→ TASK DETAILS: Would you restate the full listing word for word and omit its pictures?

→ RECORDED INFORMATION:
BEGIN

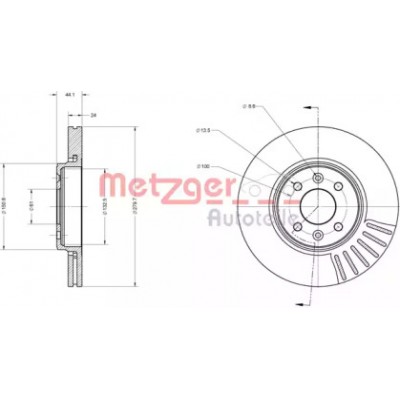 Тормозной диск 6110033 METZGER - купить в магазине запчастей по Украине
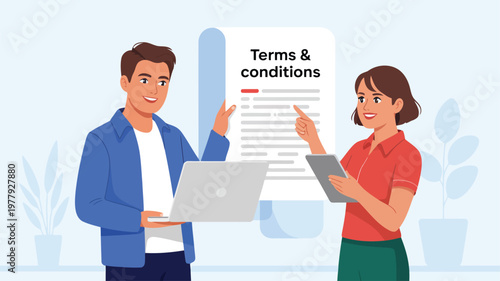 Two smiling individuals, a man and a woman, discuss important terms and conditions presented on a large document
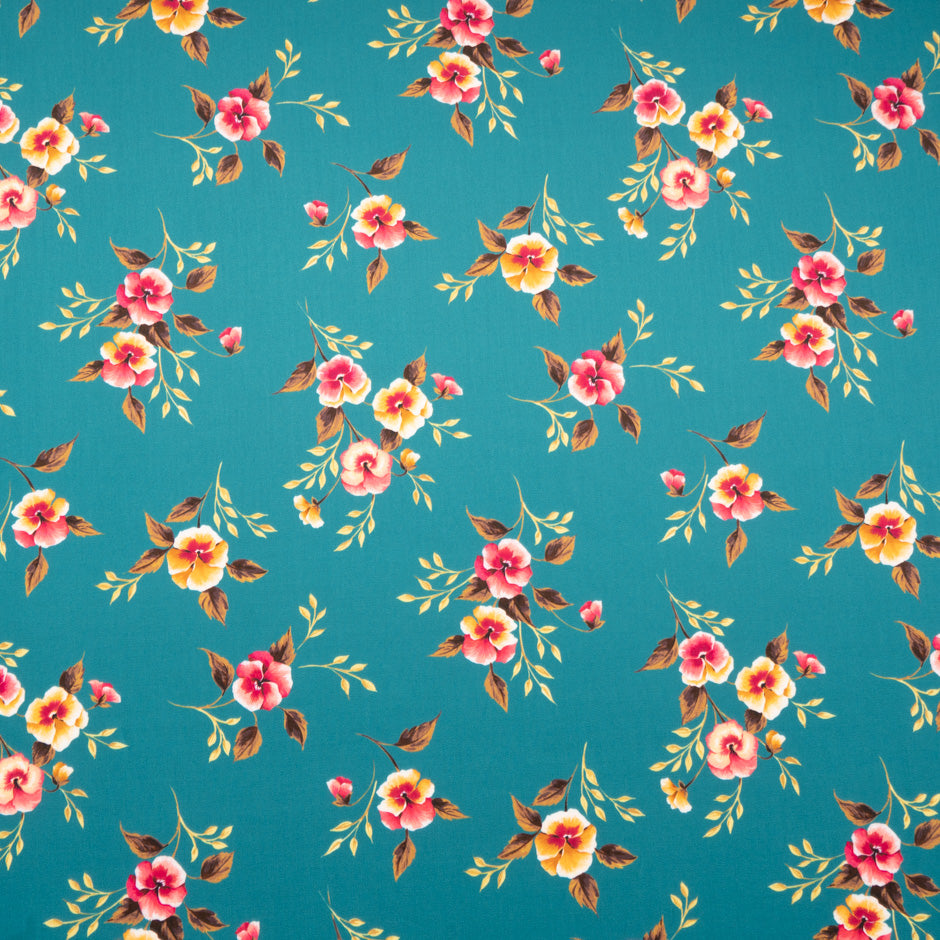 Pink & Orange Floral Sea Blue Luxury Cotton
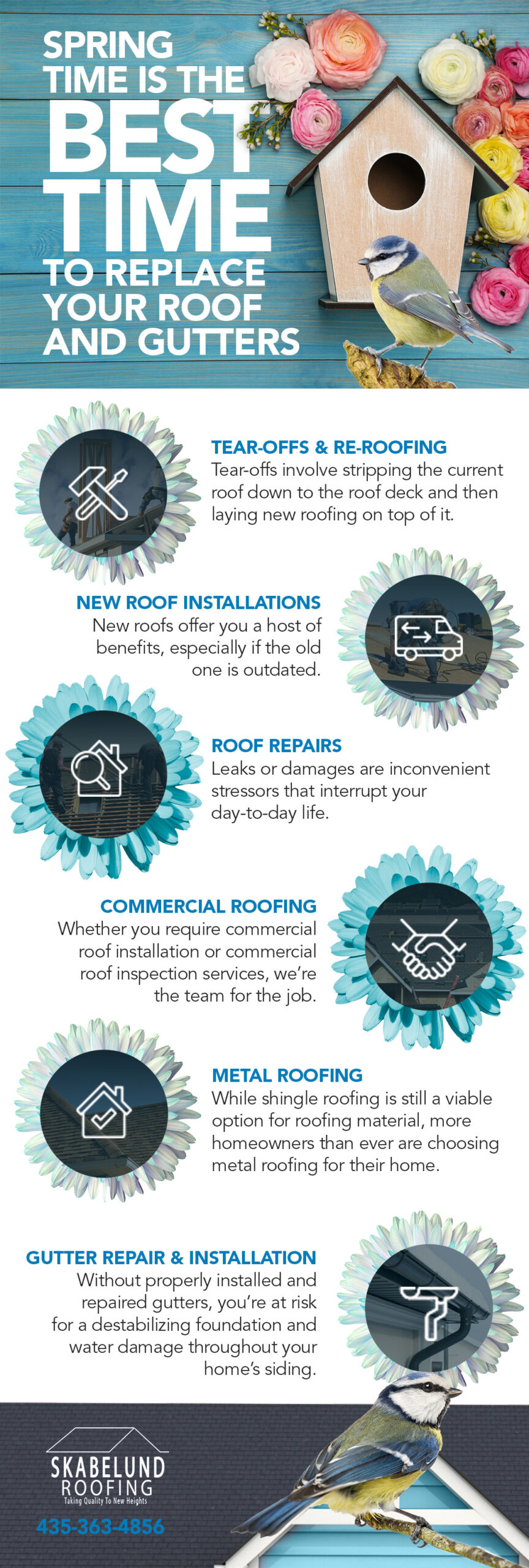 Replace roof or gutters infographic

END

→ EXERCISE OUTPUT:
 Тормозной диск 6110033 METZGER - купить в магазине запчастей по Украине
 Two smiling individuals, a man and a woman, discuss important terms and conditions presented on a large document
 Pink & Orange Floral Sea Blue Luxury Cotton
 Replace roof or gutters infographic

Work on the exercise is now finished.